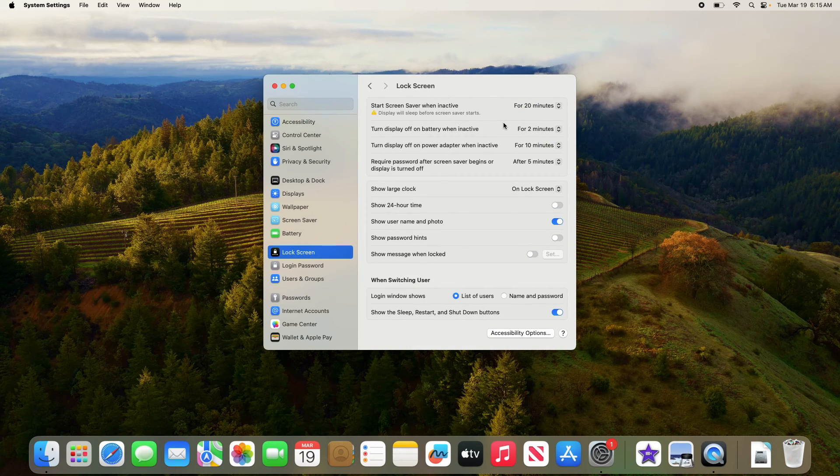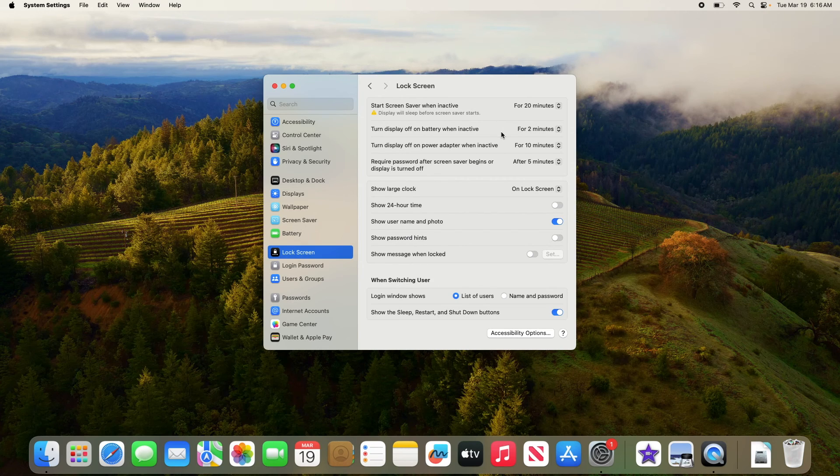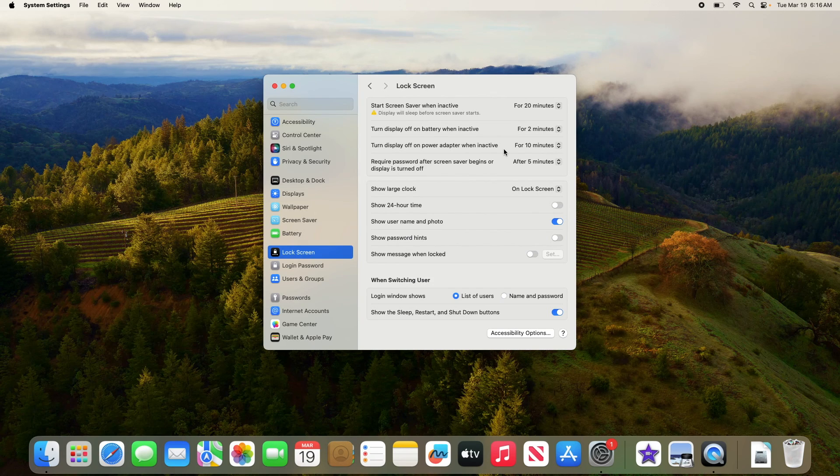Start screen saver when inactive, turn display off on battery when inactive, and turn display off on adapter when inactive. Select never from the dropdown next to each of these settings.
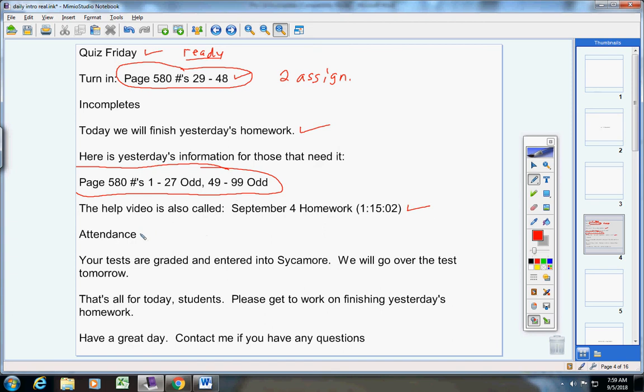Please remember to email me your attendance. Only two understood that yesterday, so please email me your attendance.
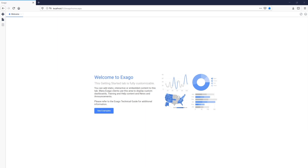Welcome back to the Exago Video Training Series. This segment will focus on dashboards, an interactive way to display reports, visualizations, and more, all in one place.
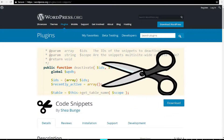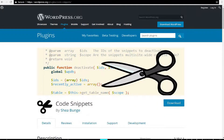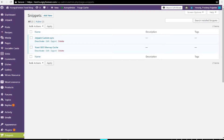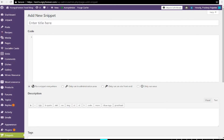Go to the Code Snippets plugin, click on Snippets, click on Add New, and enter this into the title: AMP Analytics. Into the text editor, copy and paste the code that you will find in the description below.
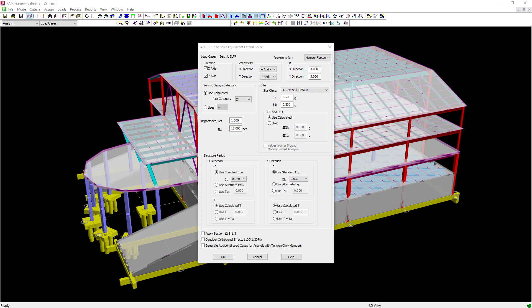Welcome to the Bentley Systems training course where you will learn how to create the eigen solution load case in the RAM Frame analysis mode. Before we do that, let's go ahead and discuss why this might be beneficial for our model.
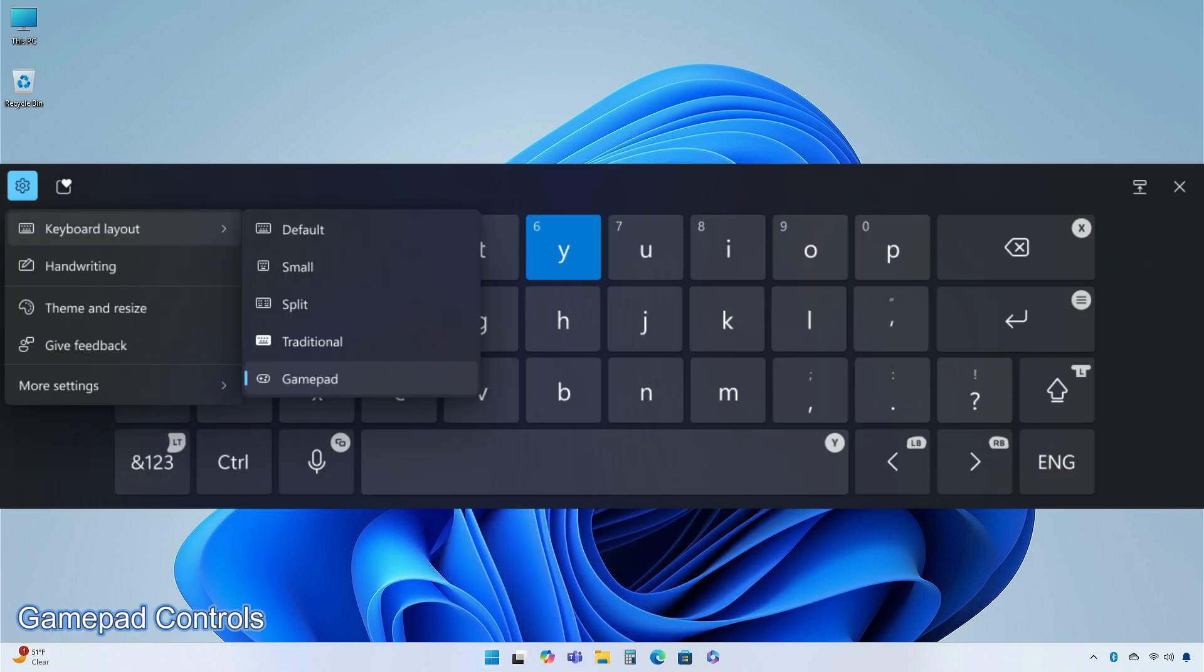Microsoft is beginning to roll out a new gamepad keyboard layout for the on-screen keyboard in Windows 11 that supports the ability to use your Xbox controller to navigate and type. This includes button accelerators. Additionally, the keyboard keys have been vertically aligned for better controller navigation patterns.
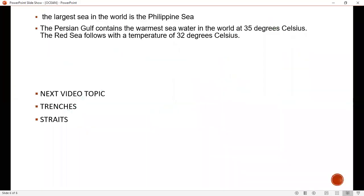In the next class, I will study trenches and straits. Thank you.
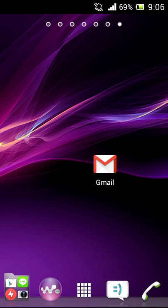Hey, what's up guys, this is CNN tech and I am Chetan. I am back with a new video. Today we are going to see the review of Google's new Gmail app, that is Gmail 5.0. Let's see what Google is offering in its new app.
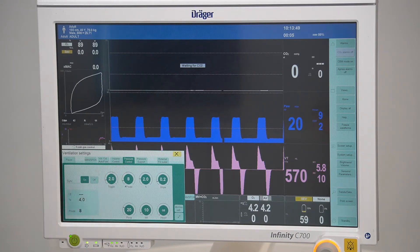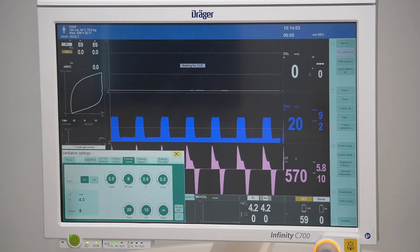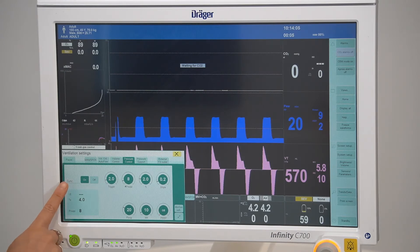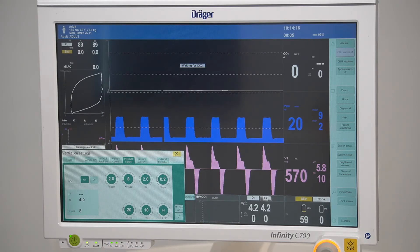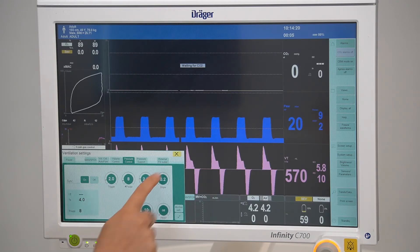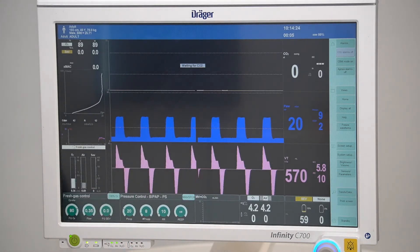Pressure control ventilation switches between two CPAP levels as it enables spontaneous breathing on both pressure levels. Switching sync on will activate synchronization and, if set, activates a set delta pressure support, creating a combination of pressure control and pressure support ventilation. You will also see the term BiPAP displayed in the name of the ventilation mode.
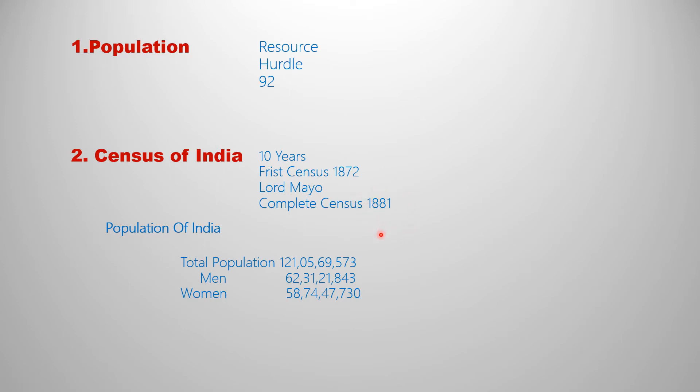India's population as of 2011 is 121 crores total population. Men: 62 crores, and women: 58 crores. This is the information about the 2011 census.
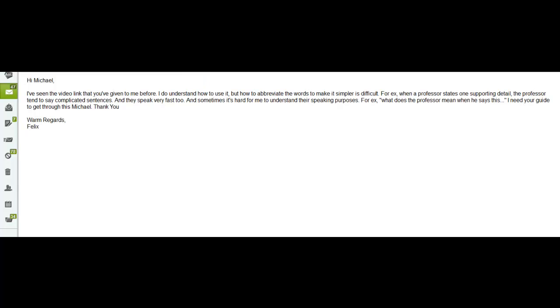You see, for example, when a professor states one supporting detail, the professor tends to say complicated sentences, and they speak fast, too. It's true. And sometimes it's hard for me to understand their purposes. For example, what does a professor mean when he says this? Now, that particular question, this is what's called a question about pragmatics. The good news is, is during the listening aspects of the TOEFL exam, when they do say, what does a professor mean when he says this, they actually play part of the conversation again, right? So once you hear it, then you have to think about what does it mean indirectly or implicitly. In this case, you're kind of, you're inferring what you think the professor means by what he says.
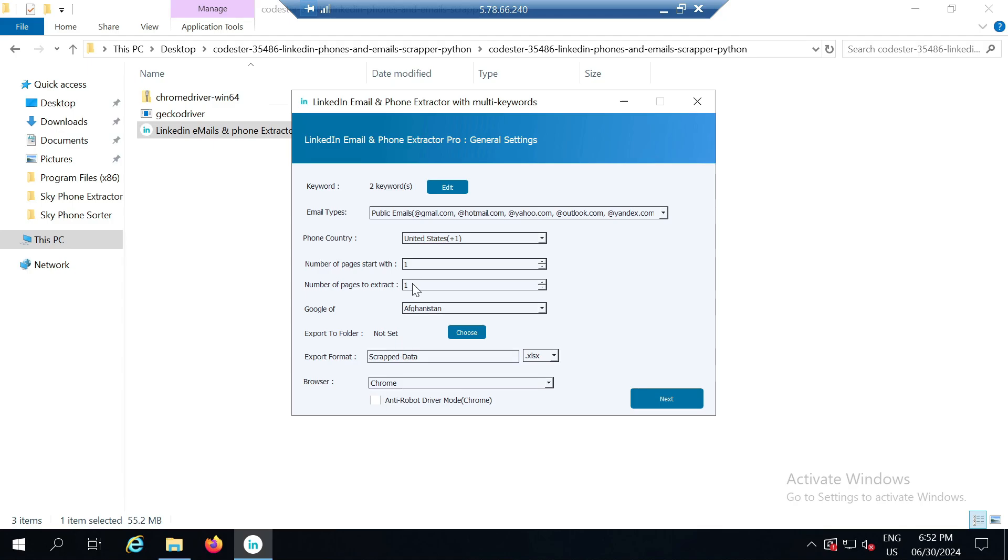You cannot define more than 100 pages for one scrape. I think for the demo five pages of data is good because I need to complete this video. Next it asks for the Google location, similar to how we define the location in Google filters and settings.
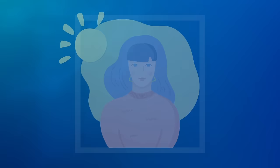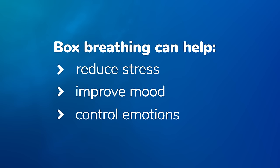Box breathing can help reduce stress and improve mood. It can also help with controlling and managing emotions. It's very easy to learn.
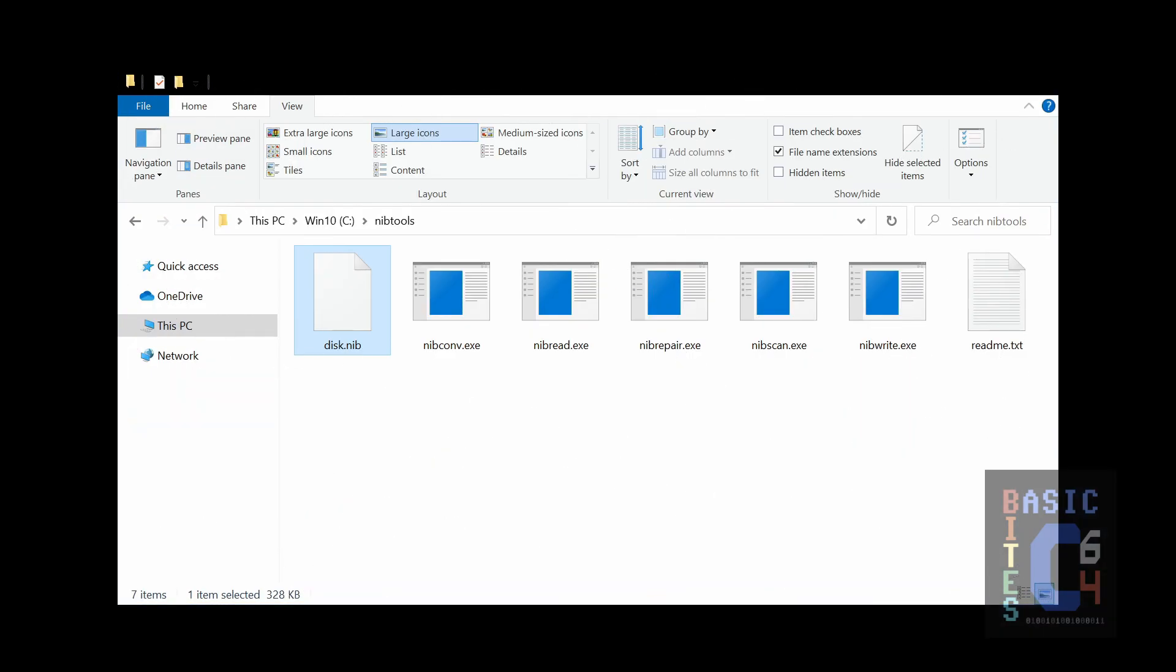And now for the grand finale! Are you ready for this? We are back in Windows Explorer, and this is how you create a disk image with drag and drop. You take your nib file, you drag it onto nibconv.exe, and you drop it.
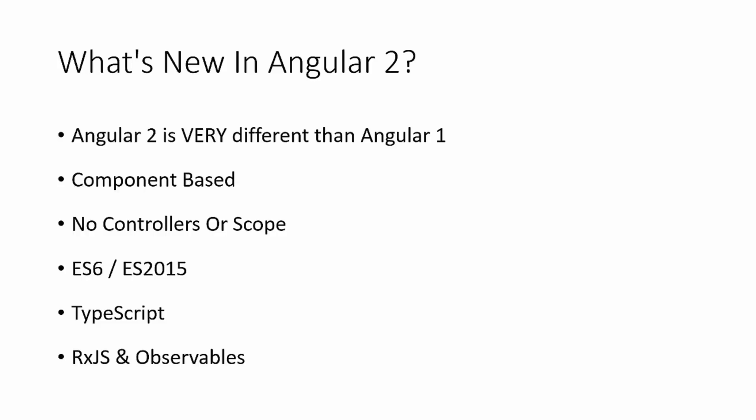So what's new in Angular 2? Angular 2 is much different than Angular 1. So even if you know Angular 1, you're going to still have to do some learning because things are very different. The biggest difference is components. It's component-based. There's actually no more controllers. There's no more scope. Everything is done inside of the component.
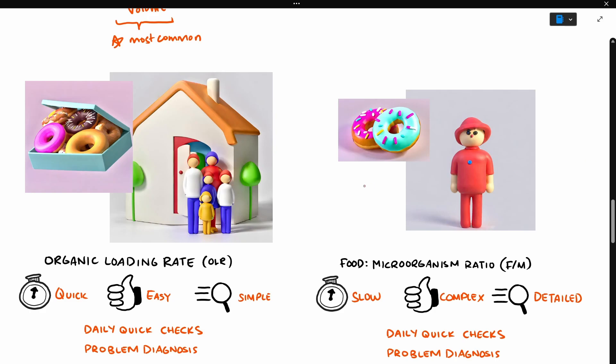OLR is like the number of donuts you're going to bring to a household, and you don't know how many donuts each person can eat. Maybe some of them are on a diet and one of them has a sweet tooth. But you know that bringing 30 donuts is probably too much, and bringing two donuts is probably too little. So you guess that a dozen is probably fine.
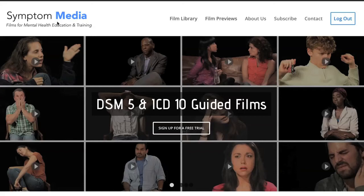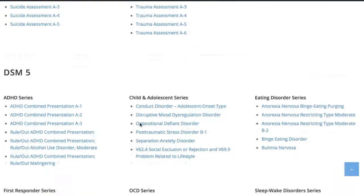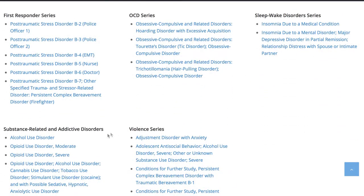Welcome to a preview of a Symptom Media DSM-5 guided case study. How are people using Symptom Media's DSM-5 guided cases? With access to over 500 assessment tools, DSM-5 and ICD-10 guided cases, educators can use Symptom Media's test section to show DSM-5 videos without revealing the diagnosis. You can integrate these films within tests, midterms, or finals and improve student competency. Be sure to visit SymptomMedia.com to sign up for a free trial today.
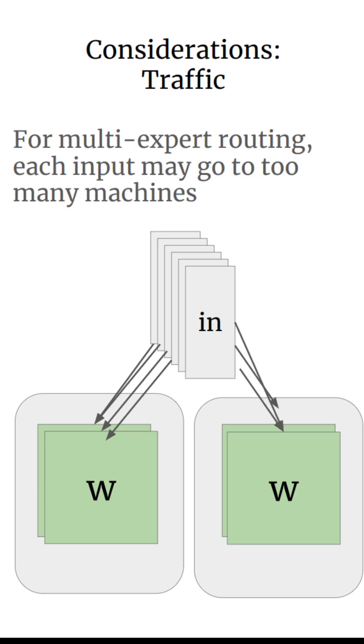Another consideration that's more subtle is the traffic in our system itself. If we decided that each token should be sent to a very large number of experts, and they're all divided up into different devices, then we end up overwhelming the network itself. We only have a fixed amount of bandwidth in our system, and in order to do this efficiently, we don't want too much traffic when deciding which experts we should send things to.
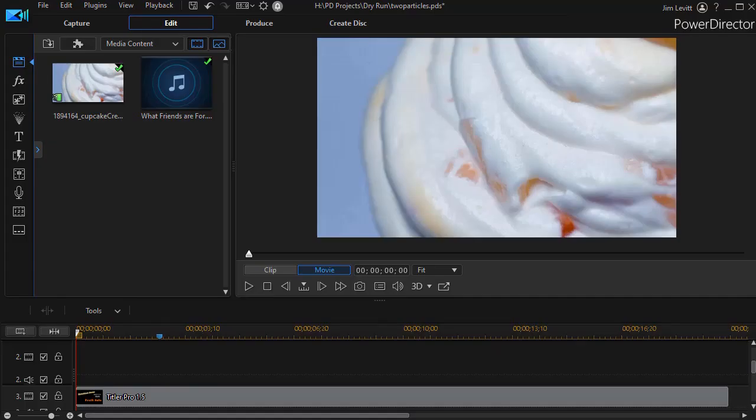In this tutorial in CyberLink PowerDirector, we'd like to show you how to replace one particle with another in succession. We're going to be using the particle designer in this particular tutorial.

---

(About this exercise):
Nothing but an exact transcription of the material, without pictures, should be returned.

(Answer for this exercise):
Start screen saver when inactive, turn display off on battery when inactive, and turn display off on adapter when inactive. Select never from the dropdown next to each of these settings.
Please remember to email me your attendance. Only two understood that yesterday, so please email me your attendance.
Welcome back to the Exago Video Training Series. This segment will focus on dashboards, an interactive way to display reports, visualizations, and more, all in one place.
Go to the Code Snippets plugin, click on Snippets, click on Add New, and enter this into the title: AMP Analytics. Into the text editor, copy and paste the code that you will find in the description below.
Welcome to the Bentley Systems training course where you will learn how to create the eigen solution load case in the RAM Frame analysis mode. Before we do that, let's go ahead and discuss why this might be beneficial for our model.
Microsoft is beginning to roll out a new gamepad keyboard layout for the on-screen keyboard in Windows 11 that supports the ability to use your Xbox controller to navigate and type. This includes button accelerators. Additionally, the keyboard keys have been vertically aligned for better controller navigation patterns.
In the next class, I will study trenches and straits. Thank you.
Hey, what's up guys, this is CNN tech and I am Chetan. I am back with a new video. Today we are going to see the review of Google's new Gmail app, that is Gmail 5.0. Let's see what Google is offering in its new app.
Pressure control ventilation switches between two CPAP levels as it enables spontaneous breathing on both pressure levels. Switching sync on will activate synchronization and, if set, activates a set delta pressure support, creating a combination of pressure control and pressure support ventilation. You will also see the term BiPAP displayed in the name of the ventilation mode.
India's population as of 2011 is 121 crores total population. Men: 62 crores, and women: 58 crores. This is the information about the 2011 census.
You see, for example, when a professor states one supporting detail, the professor tends to say complicated sentences, and they speak fast, too. It's true. And sometimes it's hard for me to understand their purposes. For example, what does a professor mean when he says this? Now, that particular question, this is what's called a question about pragmatics. The good news is, is during the listening aspects of the TOEFL exam, when they do say, what does a professor mean when he says this, they actually play part of the conversation again, right? So once you hear it, then you have to think about what does it mean indirectly or implicitly. In this case, you're kind of, you're inferring what you think the professor means by what he says.
You cannot define more than 100 pages for one scrape. I think for the demo five pages of data is good because I need to complete this video. Next it asks for the Google location, similar to how we define the location in Google filters and settings.
Box breathing can help reduce stress and improve mood. It can also help with controlling and managing emotions. It's very easy to learn.
And now for the grand finale! Are you ready for this? We are back in Windows Explorer, and this is how you create a disk image with drag and drop. You take your nib file, you drag it onto nibconv.exe, and you drop it.
So what's new in Angular 2? Angular 2 is much different than Angular 1. So even if you know Angular 1, you're going to still have to do some learning because things are very different. The biggest difference is components. It's component-based. There's actually no more controllers. There's no more scope. Everything is done inside of the component.
OLR is like the number of donuts you're going to bring to a household, and you don't know how many donuts each person can eat. Maybe some of them are on a diet and one of them has a sweet tooth. But you know that bringing 30 donuts is probably too much, and bringing two donuts is probably too little. So you guess that a dozen is probably fine.
Welcome to a preview of a Symptom Media DSM-5 guided case study. How are people using Symptom Media's DSM-5 guided cases? With access to over 500 assessment tools, DSM-5 and ICD-10 guided cases, educators can use Symptom Media's test section to show DSM-5 videos without revealing the diagnosis. You can integrate these films within tests, midterms, or finals and improve student competency. Be sure to visit SymptomMedia.com to sign up for a free trial today.
Another consideration that's more subtle is the traffic in our system itself. If we decided that each token should be sent to a very large number of experts, and they're all divided up into different devices, then we end up overwhelming the network itself. We only have a fixed amount of bandwidth in our system, and in order to do this efficiently, we don't want too much traffic when deciding which experts we should send things to.
In this tutorial in CyberLink PowerDirector, we'd like to show you how to replace one particle with another in succession. We're going to be using the particle designer in this particular tutorial.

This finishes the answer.